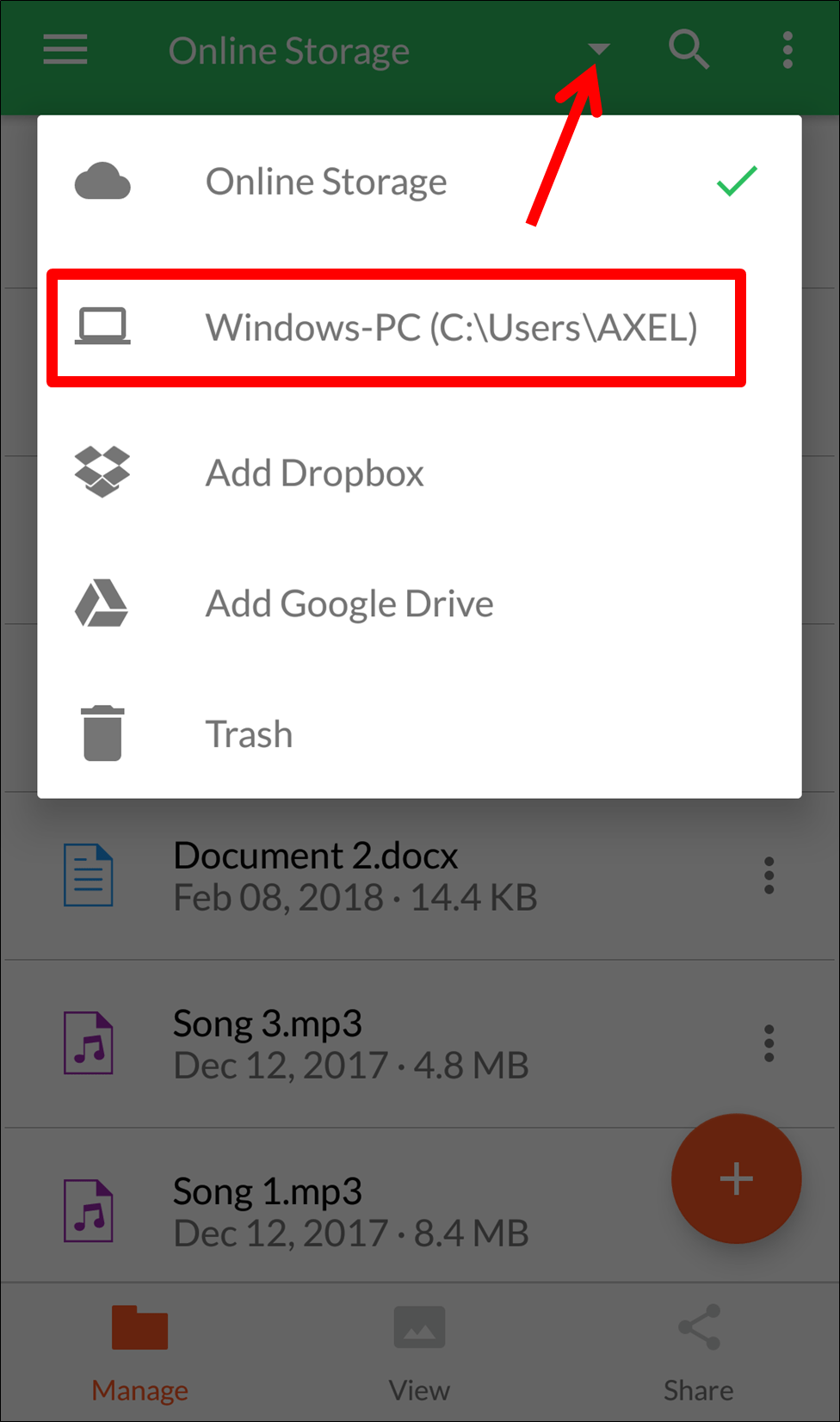 Android to Windows AXEL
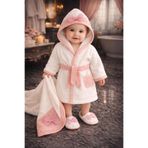 BYS BABY FASHION %100 Pamuklu Yenidoğan Kız Bebek Bornoz Seti 0-2 Yaş Kullanıma Uygundur ( Kutulu )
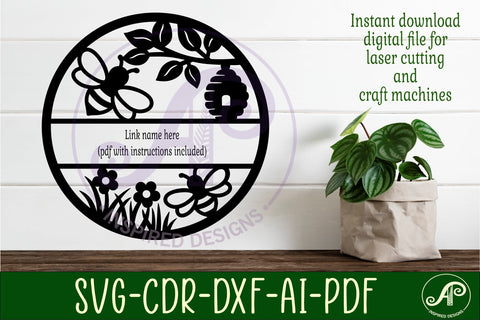 Bee themed name sign svg laser sign SVG APInspireddesigns 
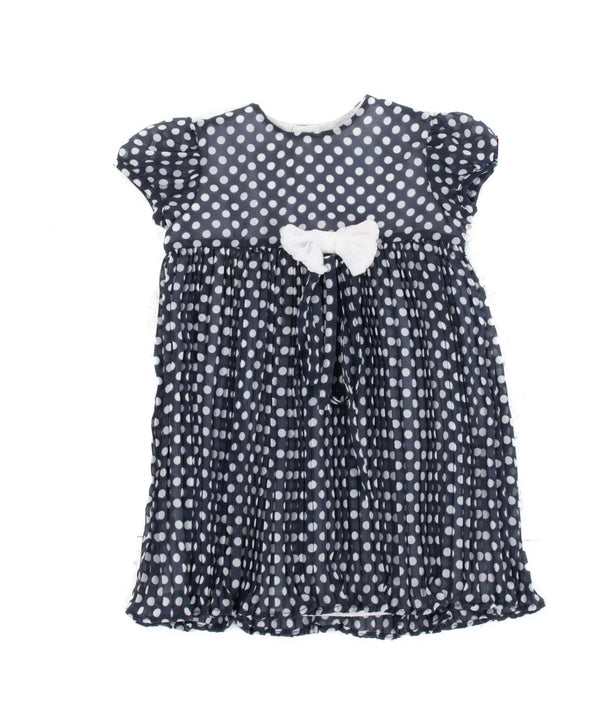 IL GUFO Baby Girls Navy Blue & White Polka Dots Dress With Bow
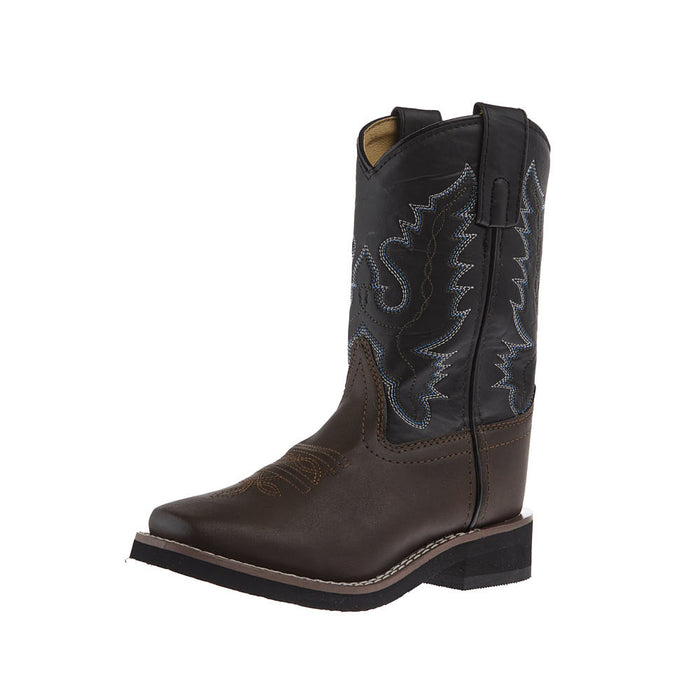 Kid's Tyler Faux Brown Vamp Black Top Boots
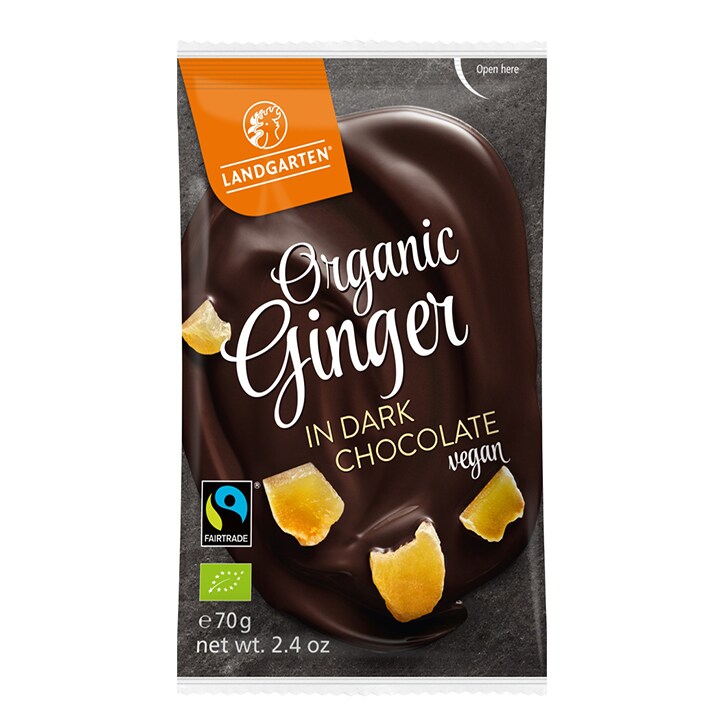 Landgarten Ginger In Dark Chocolate Vegan 70g image 1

Task objective = From the line containing "Bee themed name" through the final line of the records, write out each line exactly, and include no pictures.

Exercise answer =
 Bee themed name sign svg laser sign SVG APInspireddesigns 
 IL GUFO Baby Girls Navy Blue & White Polka Dots Dress With Bow
 Kid's Tyler Faux Brown Vamp Black Top Boots
 Landgarten Ginger In Dark Chocolate Vegan 70g image 1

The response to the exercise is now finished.